RTAB-Map records these collections of visual features in memory as the robot roams about the area. At the same time, a machine learning technique known as the “bag of words model” looks for patterns in the features that can then be used to classify the various images as belonging to one location or another. For example, there may be a hundred different video frames like the one shown above but from slightly different viewpoints that all contain visual features similar enough to assign to the same location. The following image shows two such frames side by side:
Here we see two different views from essentially the same location. The pink discs indicate visual features that both images have in common and, as we would expect from these two views, there are quite a few shared features. Based on the number of shared features and their geometric relations to one another, we can determine if the two views should be assigned to the same location or not. In this way, only a subset of the visual features needs to be stored in long term memory while still being able to recognize a location from many different viewpoints. As a result, RTAB-Map can map out large areas such as an entire building or an outdoor campus without requiring an excessive amount of memory storage or processing power to create or use the map.
Note that even though RTAB-Map uses visual features to recognize a location, it is not storing representations of human-defined categories such as “painting”, “TV”, “sofa”, etc. The features we are discussing here are more like the receptive field responses found in lower levels of the visual cortex in the brain. Nonetheless, when enough of these features have been recorded from a particular view in the past, they can be matched with similar features in a slightly different view as shown above.

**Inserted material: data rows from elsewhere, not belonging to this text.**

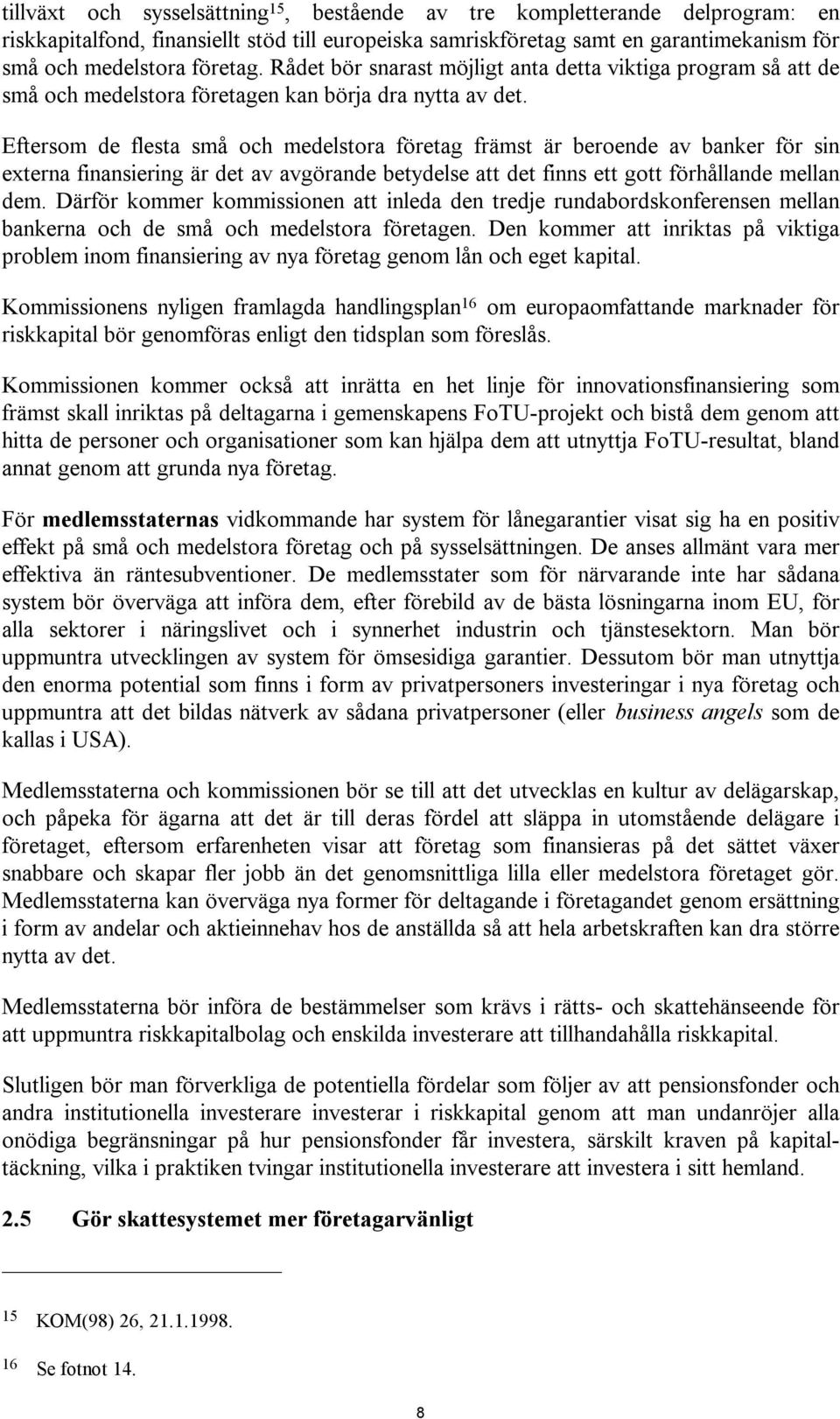 Eftersom de flesta små och medelstora företag främst är beroende av banker för sin externa finansiering är det av avgörande betydelse att det finns ett gott förhållande mellan dem.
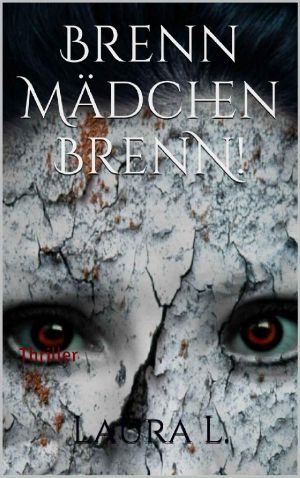 Brenn Mädchen Brenn!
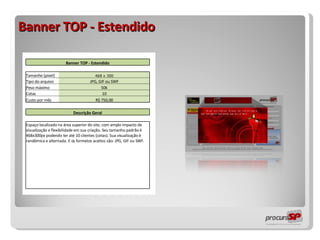 Banner TOP - Estendido                 Banner TOP - Estendido                   Tamanho (pixel) 468 x 300     Tipo do arquivo JPG, GIF ou SWF     Peso máximo 50k     Cotas 10     Custo por mês R$ 750,00                   Descrição Geral                   Espaço localizado na área superior do site, com amplo impacto de visualização e flexibilidade em sua criação. Seu tamanho padrão é 468x300px podendo ter até 10 clientes (cotas). Sua visualização é randômica e alternada. E os formatos aceitos são: JPG, GIF ou SWF.                                                         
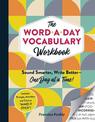 The Word-a-Day Vocabulary Workbook: Sound Smarter, Write Better-One Day at a Time!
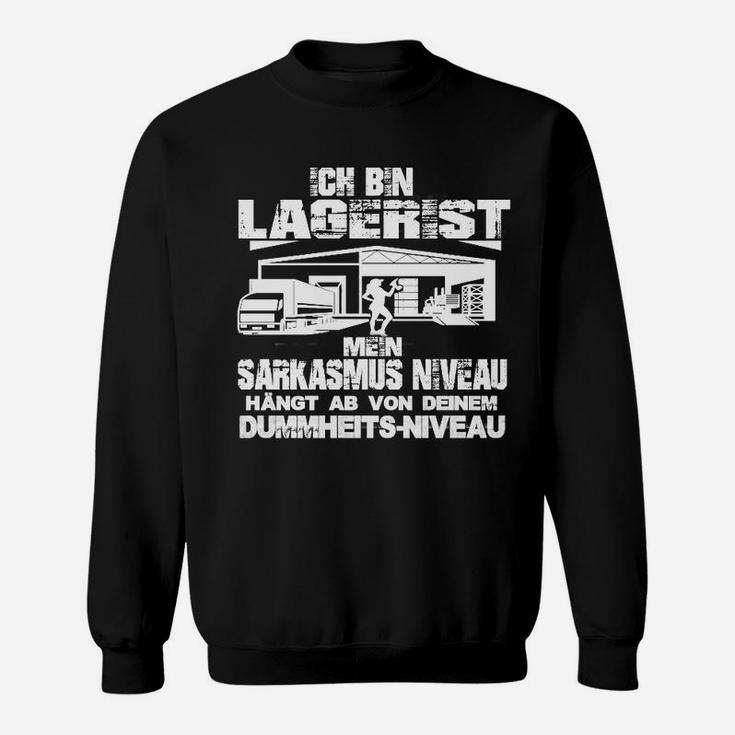 Lagerist Slogan Sweatshirt: Sarkasmus und Humor Design für Logistikprofis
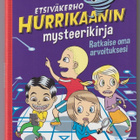 Jari Mäkipää: Etsiväkerho Hurrikaanin mysteerikirja - pikkukuva 1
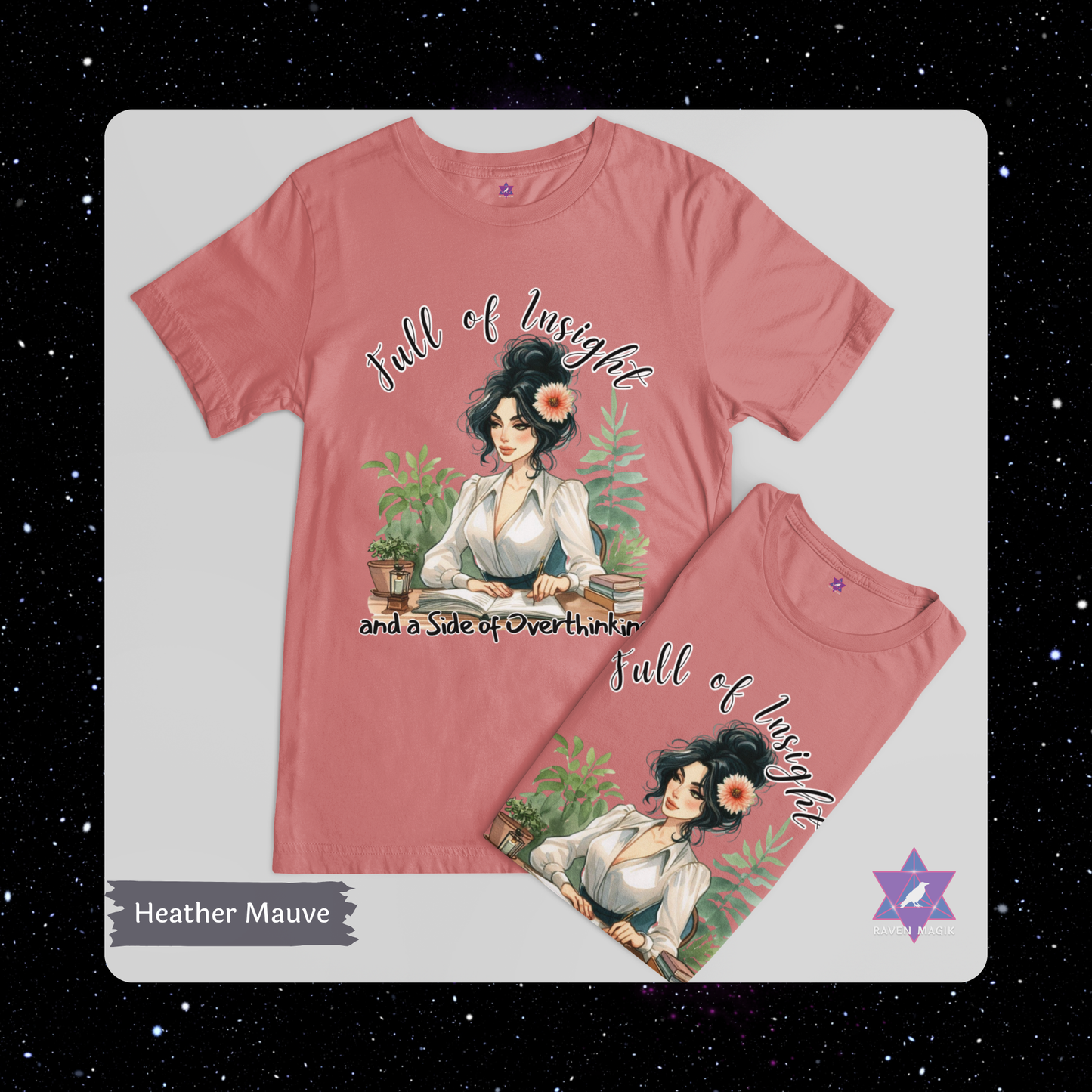 Heather Mauve t-shirt with an illustration of a woman, plants, and text on a gray background. Virgo Archetype T-shirt with “Full of Insight and a Side of Overthinking” slogan, styled for analytical, introspective energy and meticulous charm.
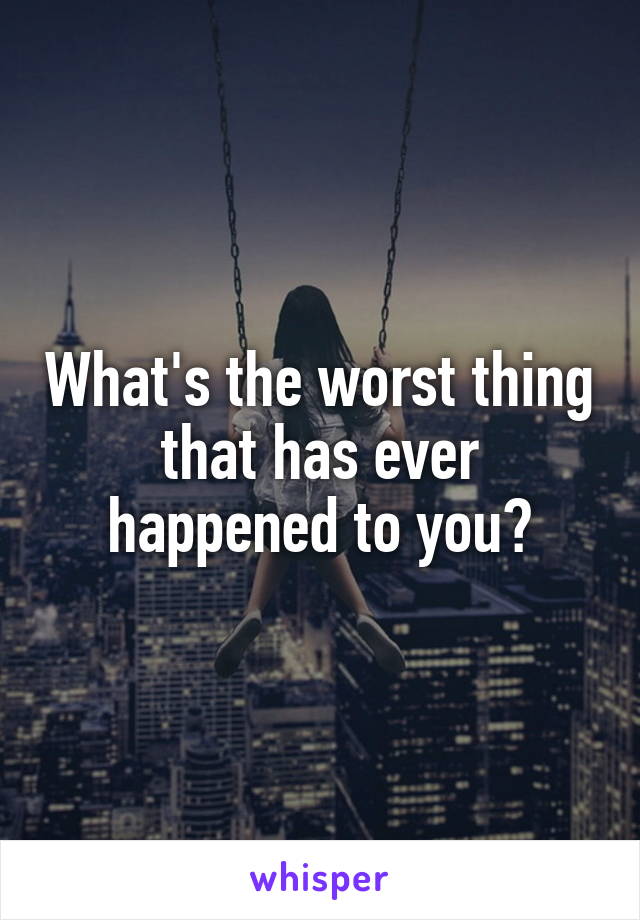 What's the worst thing that has ever happened to you?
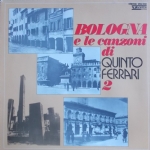 Bologna e le canzoni di Quinto Ferrari 2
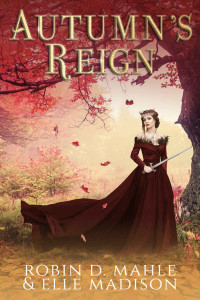 Robin D. Mahle & Elle Madison — Autumn's Reign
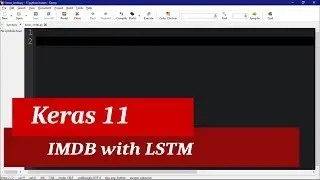Keras Tutorial 11 - Solving the IMDB Dataset with LSTM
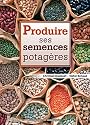Produire ses semences potagères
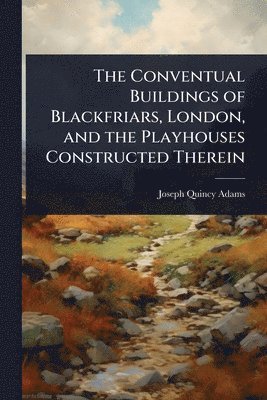 bokomslag Conventual Buildings of Blackfriars, London, and the Playhouses Constructed Therein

RTAB-Map can stitch together a 3-dimensional representation of the robot’s surroundings using these collections of visual features and their geometric relations. The Youtube video below shows the resulting “mental map” of a few rooms in a house:
The next video demonstrates a live RTAB-Map session where Pi Robot has to localize himself after been set down in a random location. Prior to making the video, Pi Robot was driven around a few rooms in a house while RTAB-Map created a 3D map based on the visual features detected. Pi was then turned off (sorry dude!), moved to a random location within one of the rooms, then turned on again. Initially, Pi does not know where he is. So he drives around for a short distance gathering visual cues until, suddenly, the whole layout comes back to him and the full floor plan lights up. At that point we can set navigation goals for Pi and he autonomously makes his way from one goal to another while avoiding obstacles.